Hon. Members will be reassured to know that the figures obtained for the first nine months, from April to December 1993, show that the assessment and care management processes are coping very well. During that period, boards received 6,600 referrals for care management and carried out more than 5,900 assessments. The split of assessments completed between programmes of care was 73 per cent. elderly, 9 per cent. mental health, 8 per cent. mental handicap, 8 per cent. physical and sensory disabled and 2 per cent. other adult client groups. More than 90 per cent. of the assessments commenced within seven days from referral and at least 80 per cent. of assessments were reported to have been completed within a week. That major achievement has resulted from meticulous preparation by both Government and boards.

It is also important that we keep a close eye on the standards that we have set for access to, and the delivery of, care. If people wish to remain in the community it is important that we have in place high quality services to support their choice. In September it is our intention to undertake a detailed inspection of the assessment process. The focus of that inspection will be to seek to establish that local assessment arrangemments have embraced the priniciples that underpin the community care changes.

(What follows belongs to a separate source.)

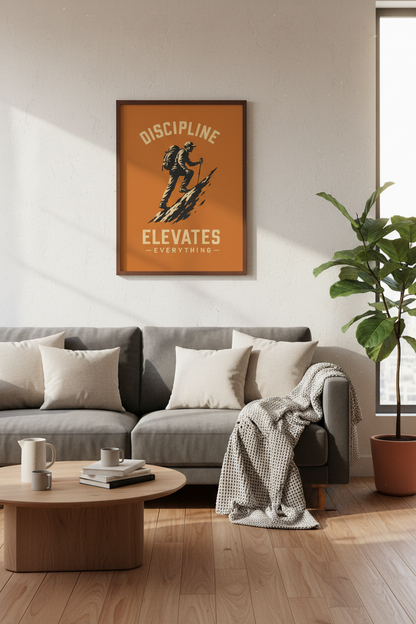 Discipline Elevates Everything Wall Art | Home Office Decor | Retro Hiking Poster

The Eastern board has made substantial progress in the development of domiciliary care schemes. The board offers a wide range of facilities for respite, including residential and nursing home care, day care and various forms of sitting services. I hope that the new arrangements for that care will be generally welcomed for their flexible response to an invdividual need. While understanding the deep concern of those affected, I also hope that I have managed to persuade the hon. Gentleman tonight that we have the interests of the residents in those homes at heart.

The motion having been made after Ten o'clock, and the debate having continued for half an hour, MR. DEPUTY SPEAKER adjourned the House without Question put, pursuant to the Standing Order.

Adjourned at nineteen minutes to Twelve midnight.